» YOUR GOAL
Make an exact copy, from the records below, of the lines from the line containing "The HOTAS Warthog USB" to the line containing "Hi everyone! Today", both lines included, excluding pictures.
************
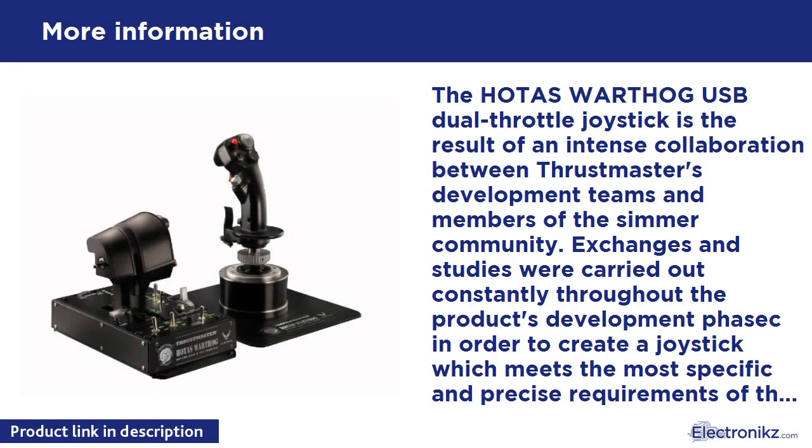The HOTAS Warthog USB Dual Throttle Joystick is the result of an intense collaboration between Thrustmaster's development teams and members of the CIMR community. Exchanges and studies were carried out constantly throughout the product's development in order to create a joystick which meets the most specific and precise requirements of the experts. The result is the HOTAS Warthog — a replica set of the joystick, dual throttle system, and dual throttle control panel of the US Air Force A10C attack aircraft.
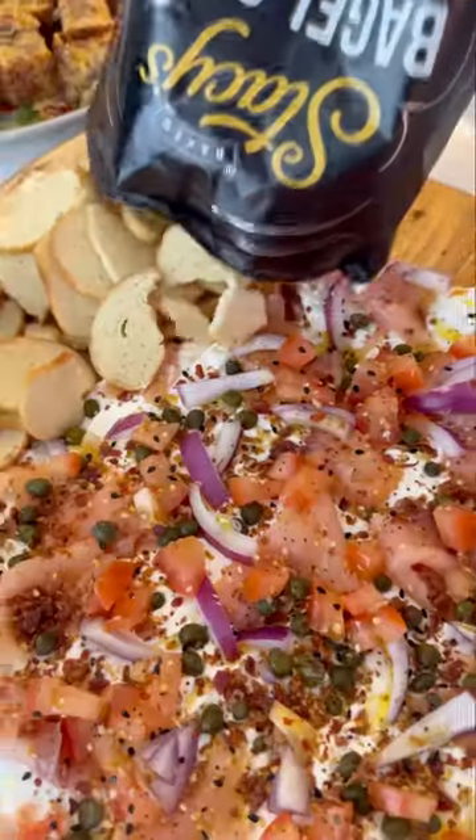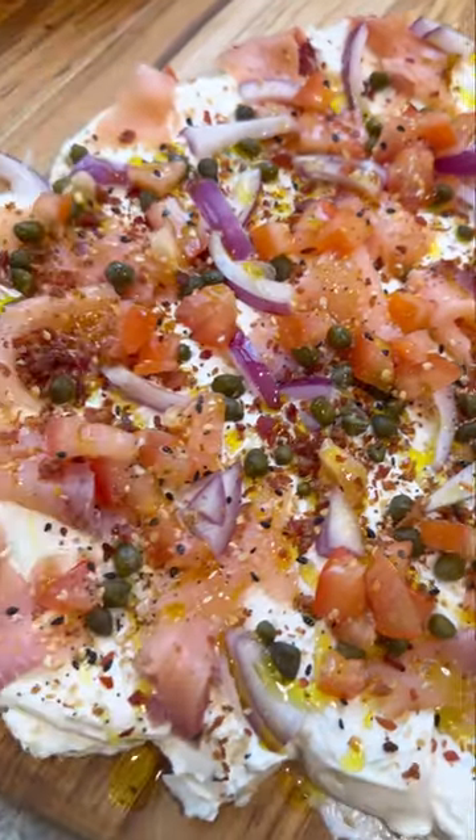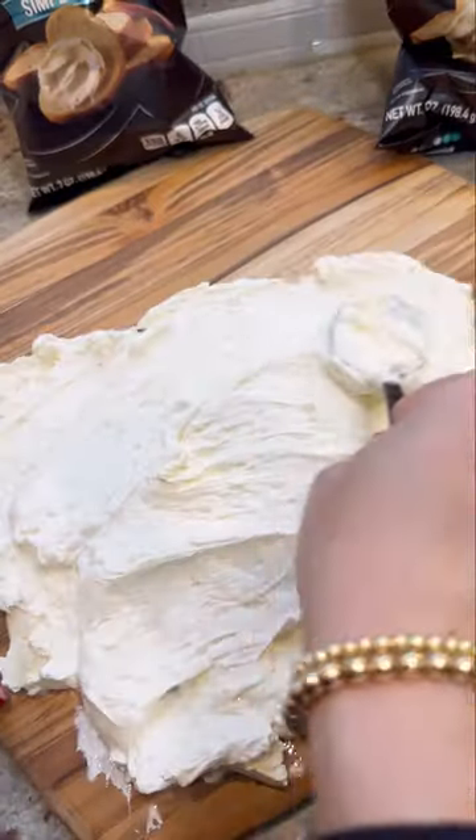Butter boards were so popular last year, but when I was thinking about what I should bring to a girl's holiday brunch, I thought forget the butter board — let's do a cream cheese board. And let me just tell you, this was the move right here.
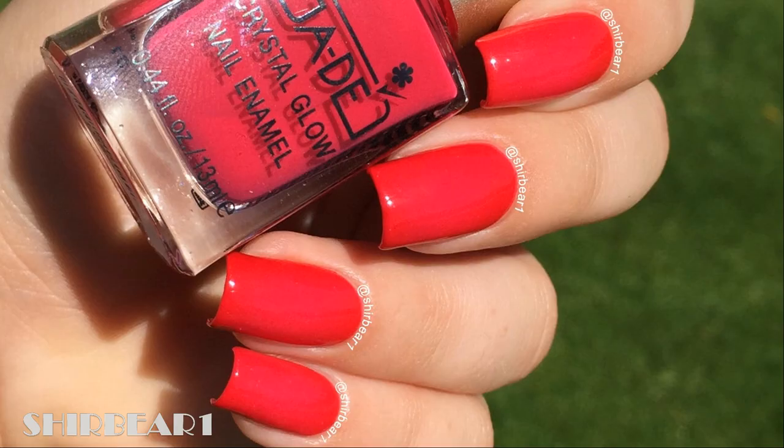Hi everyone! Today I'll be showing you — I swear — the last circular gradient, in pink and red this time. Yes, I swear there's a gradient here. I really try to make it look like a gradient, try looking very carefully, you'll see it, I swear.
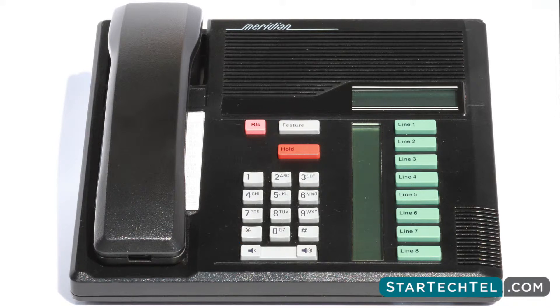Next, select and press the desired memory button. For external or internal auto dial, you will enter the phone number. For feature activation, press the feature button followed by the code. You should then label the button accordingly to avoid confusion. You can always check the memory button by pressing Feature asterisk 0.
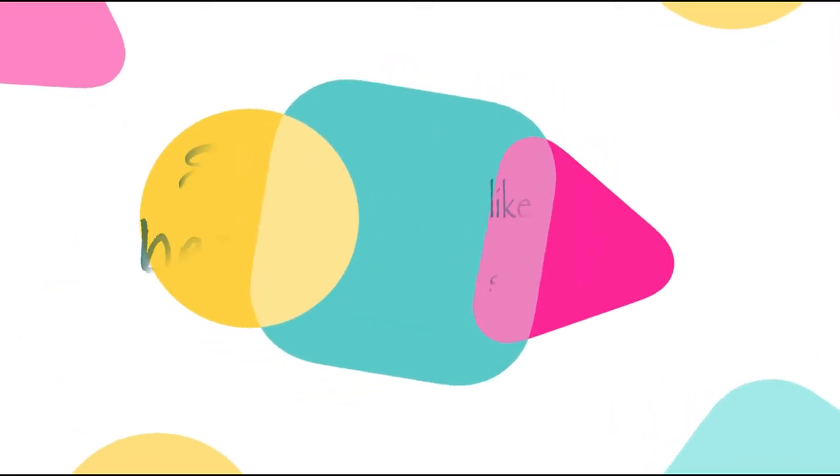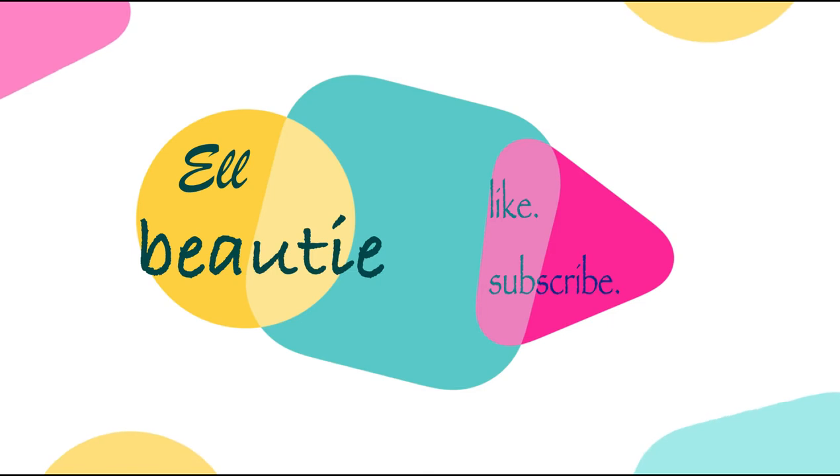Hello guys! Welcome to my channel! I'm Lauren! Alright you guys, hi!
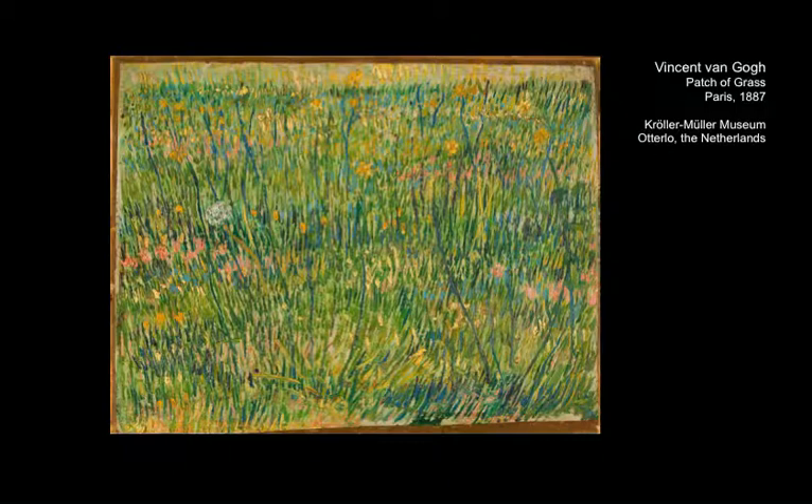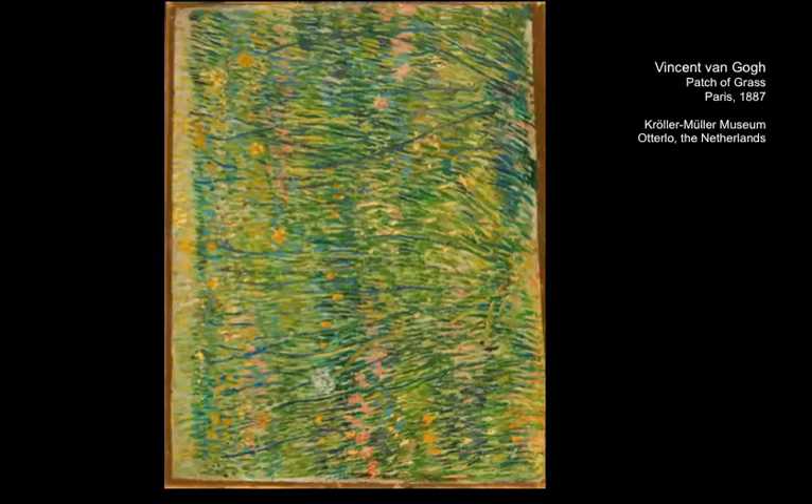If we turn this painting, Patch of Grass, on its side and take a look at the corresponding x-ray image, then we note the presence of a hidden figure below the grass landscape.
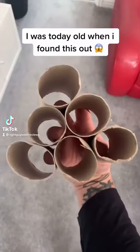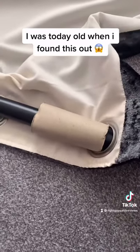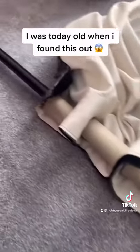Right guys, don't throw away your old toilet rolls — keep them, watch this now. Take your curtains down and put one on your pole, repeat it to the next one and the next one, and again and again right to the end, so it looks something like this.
************
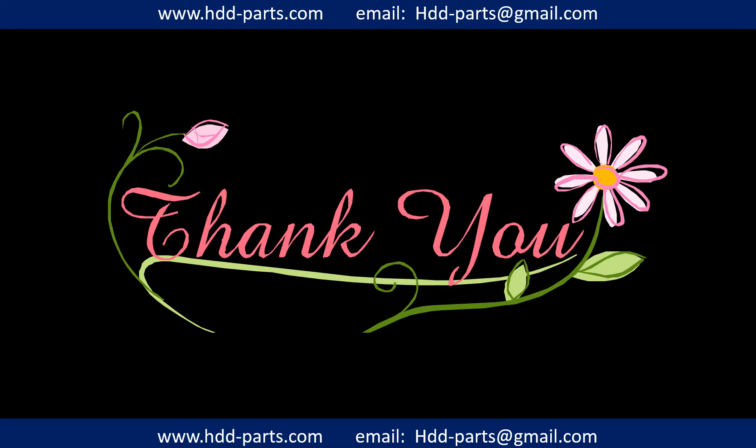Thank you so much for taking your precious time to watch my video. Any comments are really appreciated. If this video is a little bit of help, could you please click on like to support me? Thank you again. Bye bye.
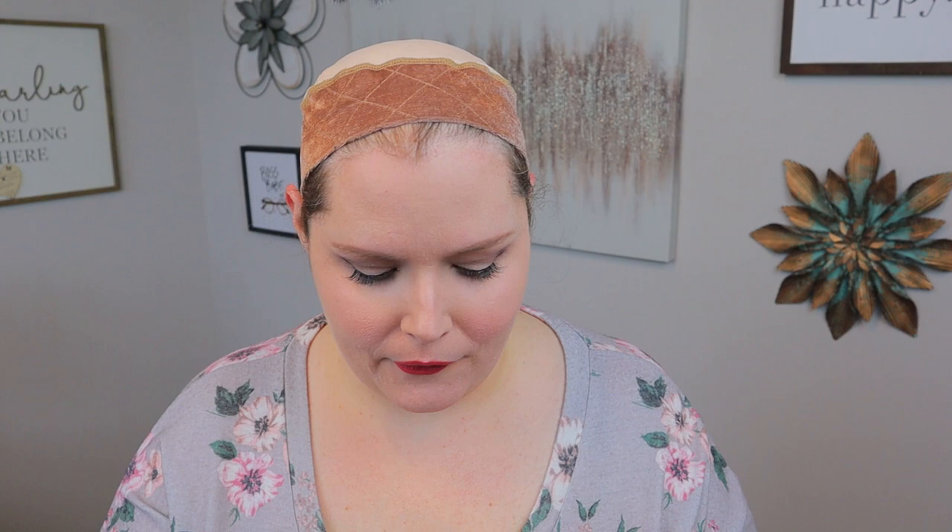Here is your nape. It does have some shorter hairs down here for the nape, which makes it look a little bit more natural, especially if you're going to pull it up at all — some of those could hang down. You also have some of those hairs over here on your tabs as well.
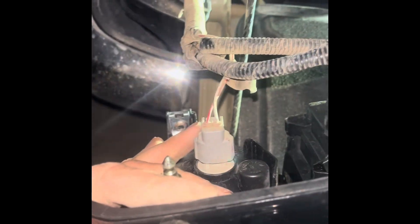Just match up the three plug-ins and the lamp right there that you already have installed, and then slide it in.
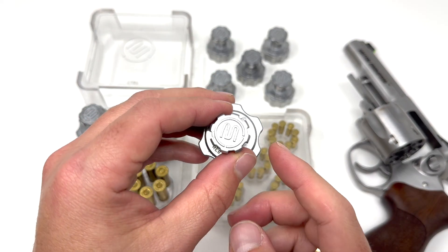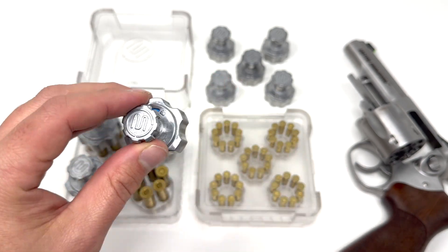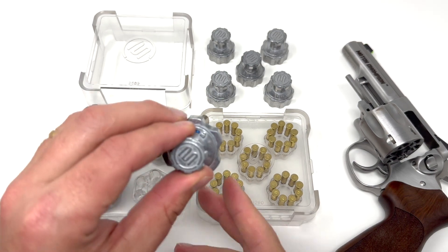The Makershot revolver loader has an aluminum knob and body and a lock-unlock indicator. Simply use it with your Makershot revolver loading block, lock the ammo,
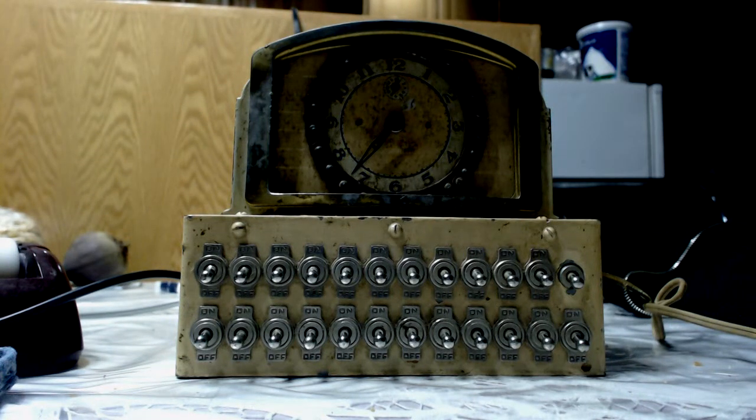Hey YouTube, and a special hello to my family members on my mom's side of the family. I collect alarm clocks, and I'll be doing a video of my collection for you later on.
************
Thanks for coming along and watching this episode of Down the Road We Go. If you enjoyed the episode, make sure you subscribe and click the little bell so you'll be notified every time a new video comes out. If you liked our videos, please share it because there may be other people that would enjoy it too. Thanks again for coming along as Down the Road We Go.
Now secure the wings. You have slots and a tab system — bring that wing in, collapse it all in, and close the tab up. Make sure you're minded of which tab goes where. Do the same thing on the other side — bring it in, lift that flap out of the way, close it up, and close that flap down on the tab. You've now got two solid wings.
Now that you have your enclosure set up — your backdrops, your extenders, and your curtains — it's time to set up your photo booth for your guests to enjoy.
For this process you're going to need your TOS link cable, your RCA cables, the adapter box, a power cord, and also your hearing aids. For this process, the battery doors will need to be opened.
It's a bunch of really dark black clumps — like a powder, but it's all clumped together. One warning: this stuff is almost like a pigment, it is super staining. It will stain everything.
************
» TASK OUTPUT
The HOTAS Warthog USB Dual Throttle Joystick is the result of an intense collaboration between Thrustmaster's development teams and members of the CIMR community. Exchanges and studies were carried out constantly throughout the product's development in order to create a joystick which meets the most specific and precise requirements of the experts. The result is the HOTAS Warthog — a replica set of the joystick, dual throttle system, and dual throttle control panel of the US Air Force A10C attack aircraft.
Butter boards were so popular last year, but when I was thinking about what I should bring to a girl's holiday brunch, I thought forget the butter board — let's do a cream cheese board. And let me just tell you, this was the move right here.
Hi everyone! Today I'll be showing you — I swear — the last circular gradient, in pink and red this time. Yes, I swear there's a gradient here. I really try to make it look like a gradient, try looking very carefully, you'll see it, I swear.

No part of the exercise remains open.